Aquella sensación, sin embargo, se desvaneció enseguida, porque Mary comprendió súbitamente que en ese instante estaba dejando atrás todo lo que le había sido familiar. Ante ella se abría la incertidumbre de lo desconocido. Una vida con un hombre al que no amaba, en una tierra que le era extraña. La antigua melancolía la dominó de nuevo, penetrando, sombría y oprimente, en su corazón.

Mary dio media vuelta y volvió, abatida, al carruaje. Su doncella Kitty había preferido esperarla en el coche.

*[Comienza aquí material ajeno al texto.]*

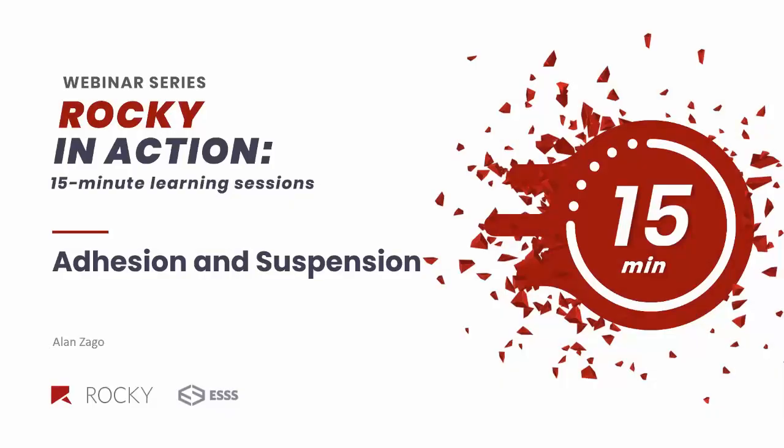Hello everyone. I'm sharing my screen now. I believe you can see. Yes, okay, thank you. So welcome to this new Rocky in Action webinar. And today we will be discussing the adhesion and suspension topic. And my name is Alan.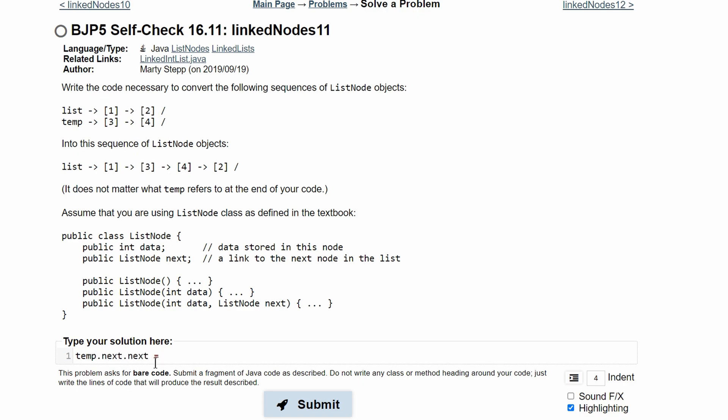Once we know what we need to replace, we need to know what we're replacing with. We want this 2 value. So the 2 is going to be list dot next. So now our temp list is going to be 3, 4, and 2.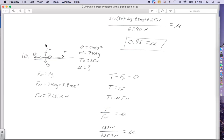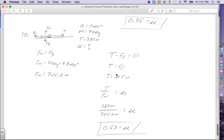Normal equals gravity because there's no acceleration up and down. The force of gravity is mass, 74 kilograms, times g, 9.8 meters per second squared, giving a normal force of 725.2 newtons. For the horizontal direction, tension to the right is positive minus friction to the left equals ma, but a is zero, so tension equals friction. Since friction equals the coefficient times the normal force, dividing the normal force to the other side gives mu equals tension divided by normal.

Al contrario que a Mary, a ella le había parecido magnífico que la casaran con un acomodado terrateniente escocés y saber que pasaría el resto de su vida en un castillo, rodeada de riqueza y lujos. A Mary, en cambio, la idea le resultaba tan insoportable que le provocaba un malestar casi físico. ¿Qué significaba toda esa riqueza, pensaba tristemente para sí, cuando no entraba en juego ningún sentimiento auténtico?

Winston la ayudó a subir al carruaje y esperó pacientemente a que se instalara. Solo después trepó él al pescante, soltó el freno y condujo al tiro de dos caballos pendiente abajo por la estrecha carretera que serpenteaba en dirección al valle.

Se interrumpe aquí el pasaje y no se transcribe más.